-------- DATASET CONTENT --------

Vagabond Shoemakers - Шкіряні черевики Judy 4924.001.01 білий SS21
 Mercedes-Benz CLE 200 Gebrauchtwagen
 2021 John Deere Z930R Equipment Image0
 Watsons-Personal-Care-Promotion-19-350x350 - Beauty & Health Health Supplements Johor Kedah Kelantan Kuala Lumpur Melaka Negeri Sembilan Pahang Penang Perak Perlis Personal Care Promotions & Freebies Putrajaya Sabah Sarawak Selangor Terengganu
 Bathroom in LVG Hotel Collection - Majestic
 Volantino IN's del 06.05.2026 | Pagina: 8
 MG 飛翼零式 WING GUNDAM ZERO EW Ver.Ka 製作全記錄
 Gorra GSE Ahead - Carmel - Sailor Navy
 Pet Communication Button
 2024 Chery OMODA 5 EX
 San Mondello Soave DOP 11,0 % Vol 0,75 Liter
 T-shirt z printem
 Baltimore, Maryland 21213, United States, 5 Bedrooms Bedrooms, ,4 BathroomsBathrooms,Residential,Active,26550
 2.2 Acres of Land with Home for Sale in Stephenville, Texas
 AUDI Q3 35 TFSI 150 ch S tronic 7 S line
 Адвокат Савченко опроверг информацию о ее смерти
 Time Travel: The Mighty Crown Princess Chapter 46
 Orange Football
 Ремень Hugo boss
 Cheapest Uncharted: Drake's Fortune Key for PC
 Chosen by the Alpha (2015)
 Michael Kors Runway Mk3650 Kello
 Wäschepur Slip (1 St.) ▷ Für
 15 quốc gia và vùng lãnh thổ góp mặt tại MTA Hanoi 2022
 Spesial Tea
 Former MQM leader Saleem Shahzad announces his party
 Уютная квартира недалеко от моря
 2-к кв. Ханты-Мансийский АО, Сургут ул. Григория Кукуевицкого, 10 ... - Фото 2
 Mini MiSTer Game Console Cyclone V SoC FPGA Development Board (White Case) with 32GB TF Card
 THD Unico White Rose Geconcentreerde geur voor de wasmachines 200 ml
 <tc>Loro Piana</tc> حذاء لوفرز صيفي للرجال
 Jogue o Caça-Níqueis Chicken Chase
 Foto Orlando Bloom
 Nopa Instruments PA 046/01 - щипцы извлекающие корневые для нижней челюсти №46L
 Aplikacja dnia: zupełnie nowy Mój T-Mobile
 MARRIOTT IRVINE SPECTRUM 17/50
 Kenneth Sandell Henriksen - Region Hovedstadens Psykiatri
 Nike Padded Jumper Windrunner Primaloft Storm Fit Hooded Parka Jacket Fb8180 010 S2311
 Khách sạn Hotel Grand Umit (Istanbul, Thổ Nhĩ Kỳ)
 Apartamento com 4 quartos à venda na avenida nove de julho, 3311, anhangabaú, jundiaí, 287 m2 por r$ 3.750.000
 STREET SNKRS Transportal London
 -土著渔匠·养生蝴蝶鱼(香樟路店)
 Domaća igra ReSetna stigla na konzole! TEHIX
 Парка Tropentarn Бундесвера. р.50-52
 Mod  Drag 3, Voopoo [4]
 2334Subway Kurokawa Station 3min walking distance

--------

THE PROBLEM:
Starting with the line that contains "Nopa Instruments PA", print every line through the end of the entries above exactly as written, both boundary lines included, and nothing else.

YOUR SOLUTION:
 Nopa Instruments PA 046/01 - щипцы извлекающие корневые для нижней челюсти №46L
 Aplikacja dnia: zupełnie nowy Mój T-Mobile
 MARRIOTT IRVINE SPECTRUM 17/50
 Kenneth Sandell Henriksen - Region Hovedstadens Psykiatri
 Nike Padded Jumper Windrunner Primaloft Storm Fit Hooded Parka Jacket Fb8180 010 S2311
 Khách sạn Hotel Grand Umit (Istanbul, Thổ Nhĩ Kỳ)
 Apartamento com 4 quartos à venda na avenida nove de julho, 3311, anhangabaú, jundiaí, 287 m2 por r$ 3.750.000
 STREET SNKRS Transportal London
 -土著渔匠·养生蝴蝶鱼(香樟路店)
 Domaća igra ReSetna stigla na konzole! TEHIX
 Парка Tropentarn Бундесвера. р.50-52
 Mod  Drag 3, Voopoo [4]
 2334Subway Kurokawa Station 3min walking distance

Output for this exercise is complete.